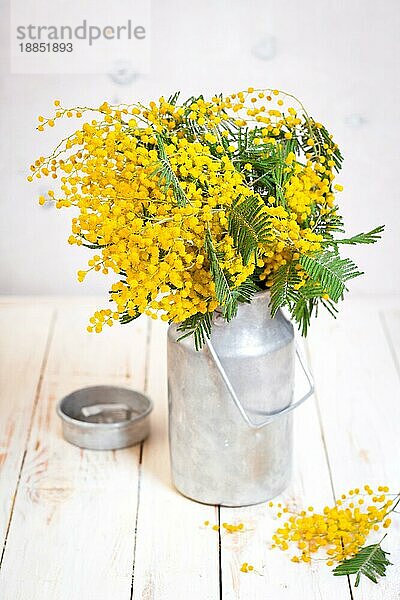 Mimosenblüten in einer Vintage-Metall-Milchkanne auf dem rustikalen weißen Holzhintergrund. Shabby-Chic-Stil Dekoration mit Blumen. Selektiver Fokus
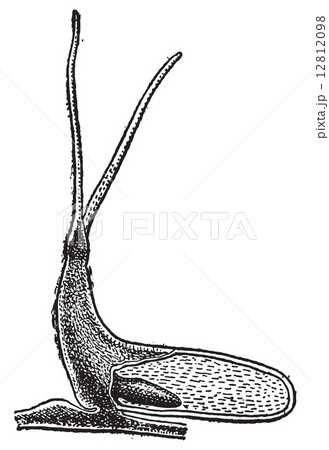 Eelgrass or Zostera marina, vintage engraving. 12812098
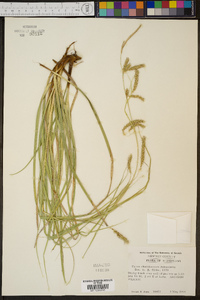 Carex cherokeensis image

:: Exercise goal ::
The result should be the same data as above, line for line, with the pictures gone.

:: Exercise output ::
 Mimosenblüten in einer Vintage-Metall-Milchkanne auf dem rustikalen weißen Holzhintergrund. Shabby-Chic-Stil Dekoration mit Blumen. Selektiver Fokus
 Eelgrass or Zostera marina, vintage engraving. 12812098
 Carex cherokeensis image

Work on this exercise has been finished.